Exercise inputs ::
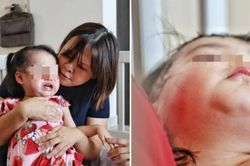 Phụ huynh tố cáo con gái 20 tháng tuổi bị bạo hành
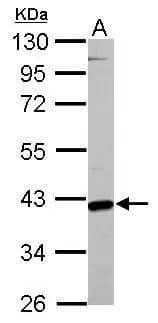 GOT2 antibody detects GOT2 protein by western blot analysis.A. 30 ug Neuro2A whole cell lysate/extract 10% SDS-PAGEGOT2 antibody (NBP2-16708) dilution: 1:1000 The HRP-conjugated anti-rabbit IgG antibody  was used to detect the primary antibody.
==
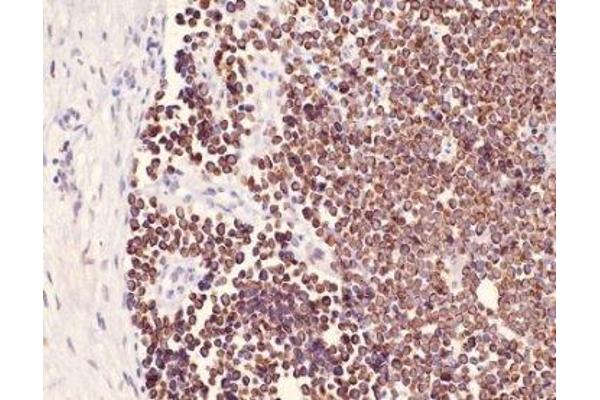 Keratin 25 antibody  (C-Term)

What the task requires ::
Work from the entries above. Set down exactly and only the lines from the line with "Phụ huynh tố" to the line with "GOT2 antibody detects", both included, and leave the pictures out.

Response box ::
 Phụ huynh tố cáo con gái 20 tháng tuổi bị bạo hành
 GOT2 antibody detects GOT2 protein by western blot analysis.A. 30 ug Neuro2A whole cell lysate/extract 10% SDS-PAGEGOT2 antibody (NBP2-16708) dilution: 1:1000 The HRP-conjugated anti-rabbit IgG antibody  was used to detect the primary antibody.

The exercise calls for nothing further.